In his professional life, Evermann had three overlapping careers: educator, ichthyologist, and director of the California Academy. From 1871 to 1879 he was a teacher and administrator in the public schools of Howard and Carroll counties, Indiana. He then moved to Ventura County, California, where he taught from 1879 to 1881. Returning to Indiana, Evermann served as superintendent of the Carroll County schools from 1883-1885 while taking a break from his undergraduate studies at Indiana University. After obtaining his B.S. in zoology in 1886, Evermann took a job as professor and head of the department of biology of the Indiana State Normal School, where he remained until 1891. Even after moving on to his scientific career, Evermann maintained an interest in education, giving special courses of lectures at Cornell and Yale between 1900 and 1906, and serving as Vice President of the District of Columbia Board of Education between 1906 and 1910. And as director of the California Academy of Sciences he placed great emphasis on the role of museums in public education.

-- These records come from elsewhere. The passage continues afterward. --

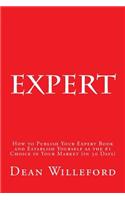 Expert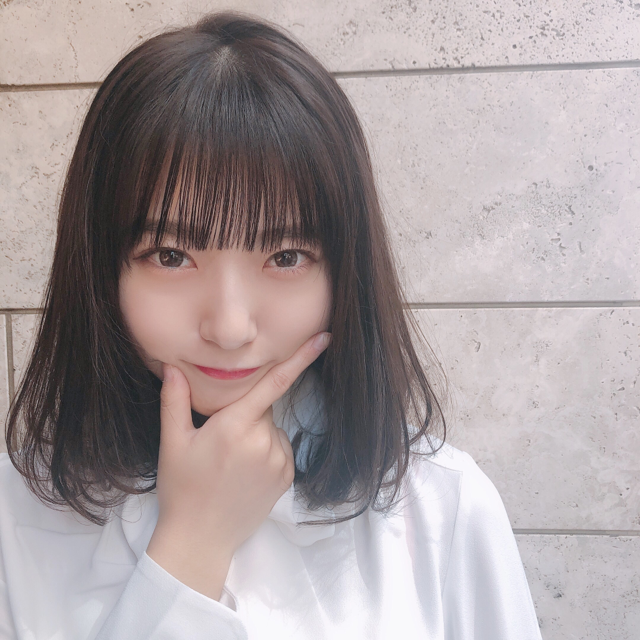 2025年最新 男子高校生のかっこいい髪型23選！女子高生に人気のスタイル1位は？ 高校生なうスタディサプリ進路 高校生に関するニュースを配信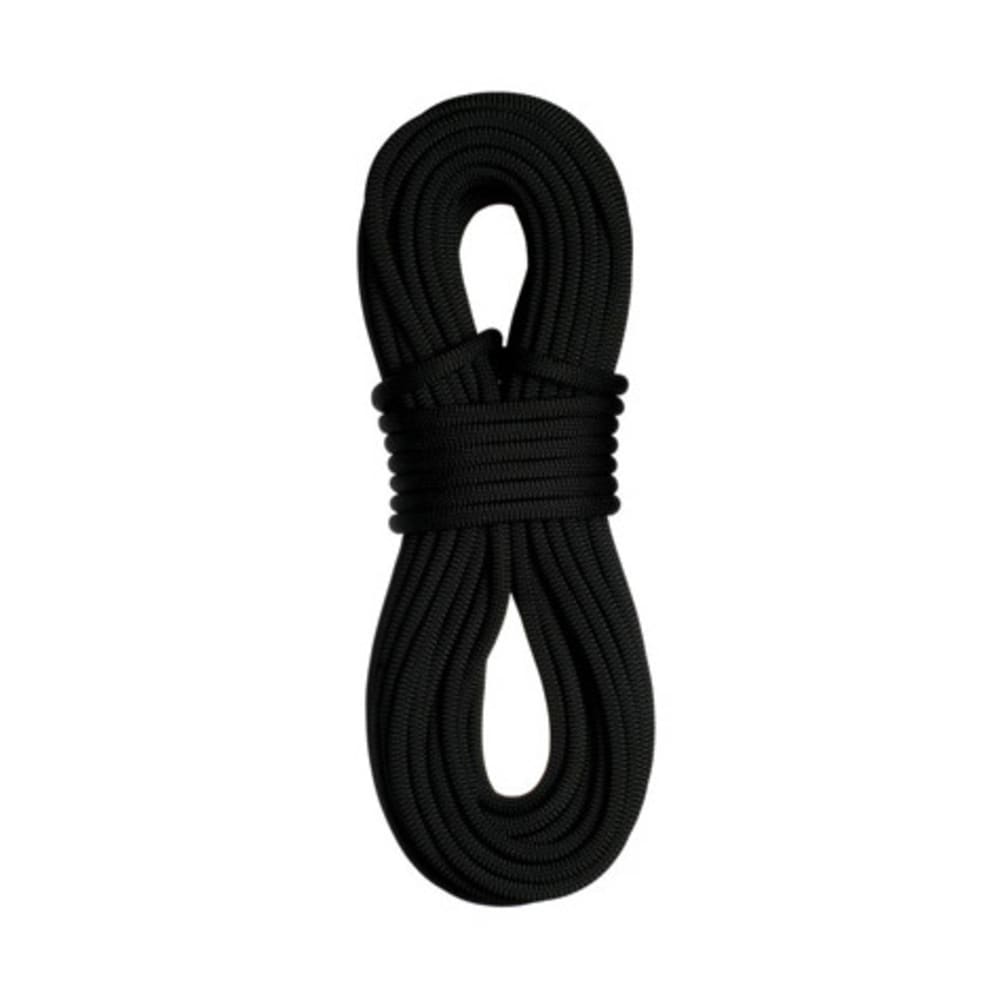 STERLING Superstatic 2 Rope, 3/8 in. x 200 ft. NA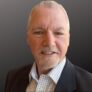 Rick  Cazzell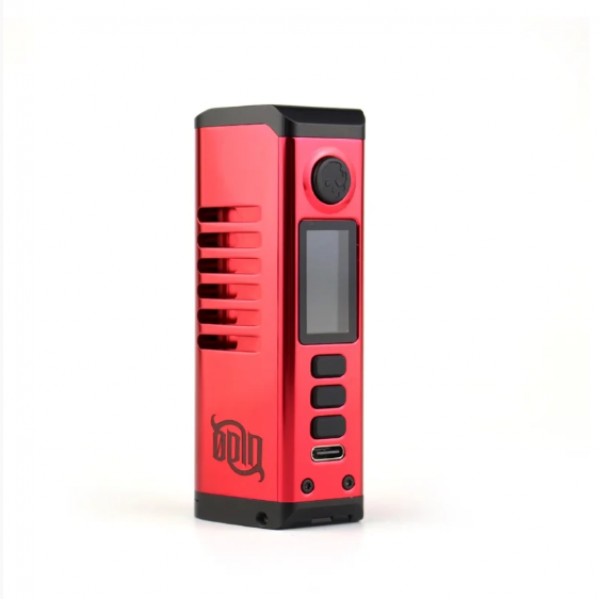 DOVPO Odin 100 Box Mod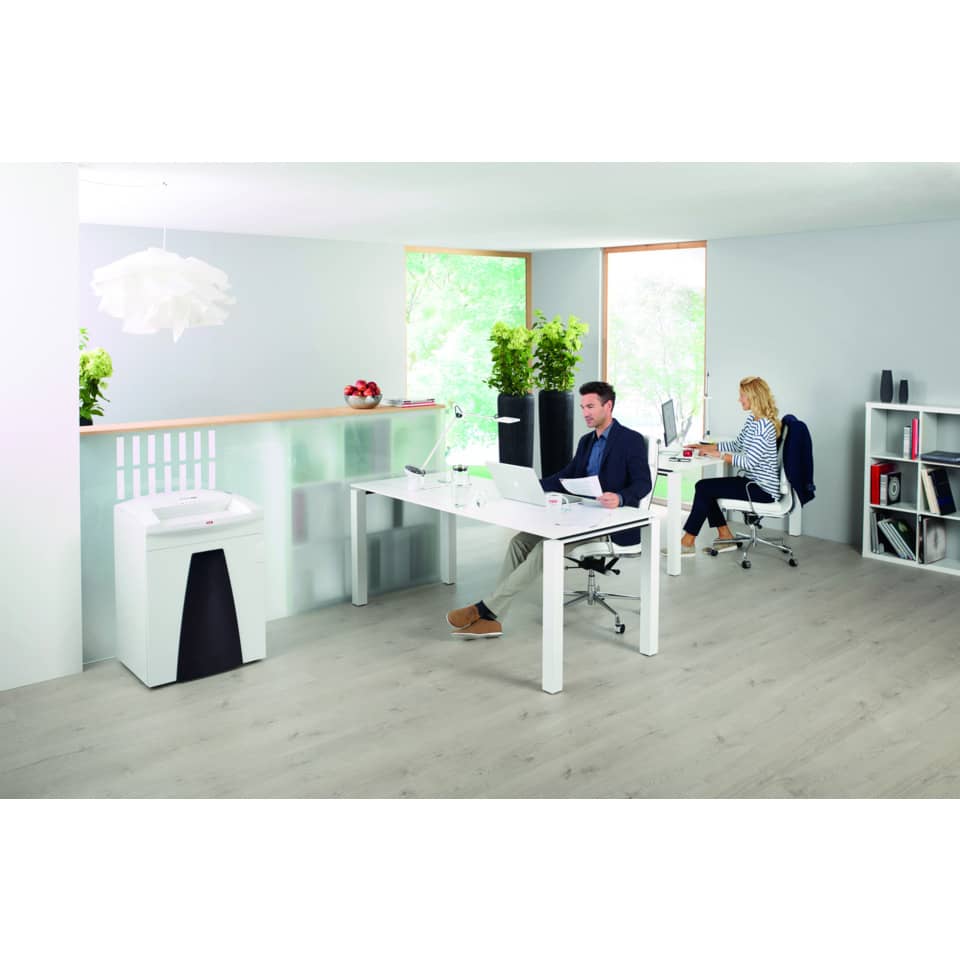 Moebel, Tabelle, Schreibtisch, Mann, Person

Evermann began his scientific career under the tutelage of biologist David Starr Jordan, whom he first met in 1877 while Jordan was a professor at Butler University. Meadie Evermann was then a student in one of Jordan's classes and in 1878 the Evermanns joined Jordan and a group of other students on an extended hiking and study trip from Kentucky to Georgia. Evermann did not begin his formal education under Jordan until his return to Indiana in 1881. As Jordan was now president of Indiana University, Evermann enrolled as a student there, earning his B.S. in 1886, A.M. in 1888, and finally his Ph. D. in 1891. Many of Evermann's earliest publications are in ornithology, but under Jordan's influence Evermann soon took up ichthyology as his specialty. They later went on to co-author numerous publications together.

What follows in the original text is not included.